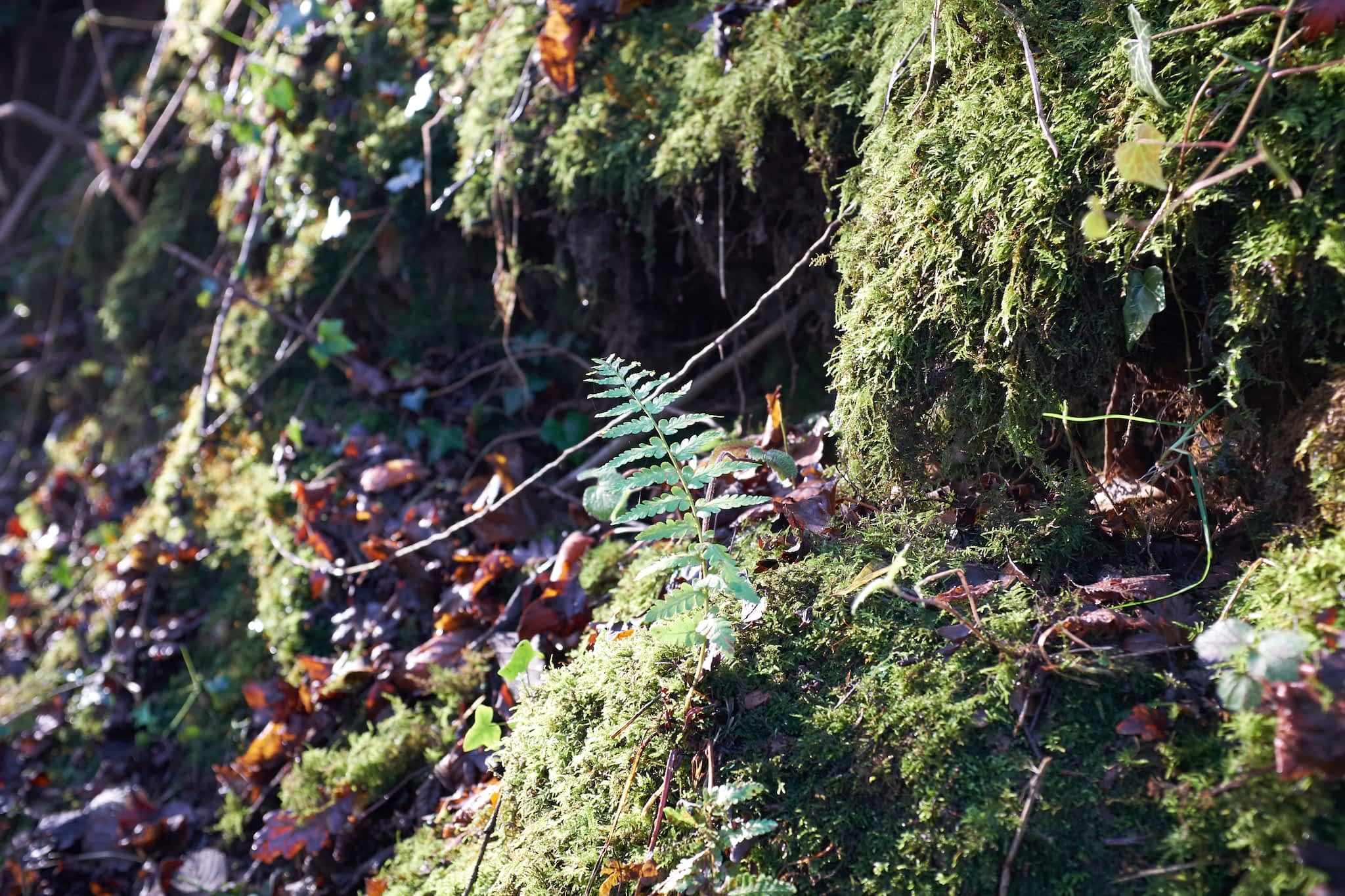 little fern
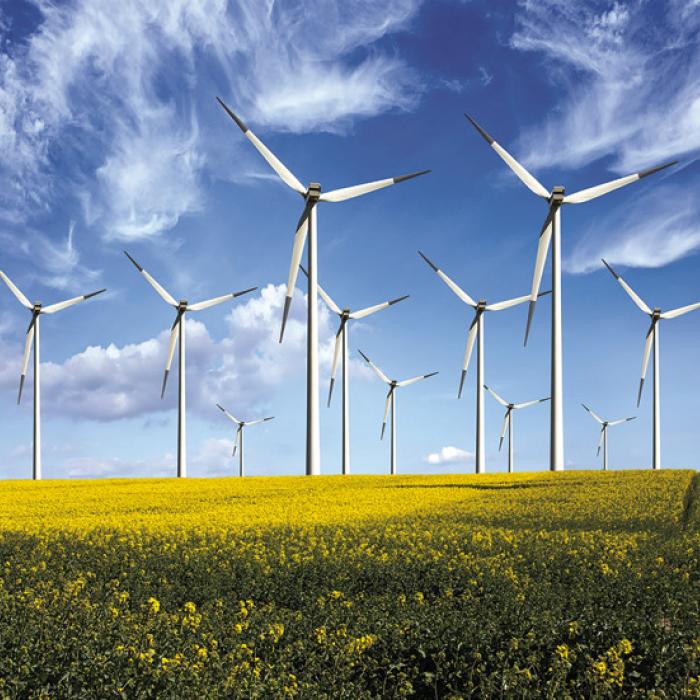 County Passes Resolution Against Wind Energy Development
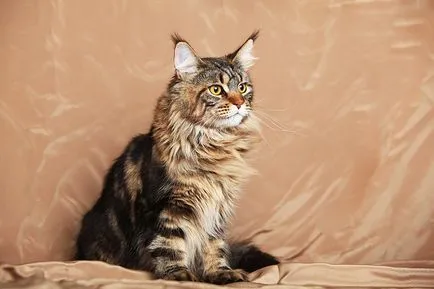 Maine Coon - fekete márvány (40 fotó)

::::::::

:: Action item ::
Return the listing above in full and unaltered. Keep the pictures out.

:: Exercise answer ::
 little fern
 County Passes Resolution Against Wind Energy Development
 Maine Coon - fekete márvány (40 fotó)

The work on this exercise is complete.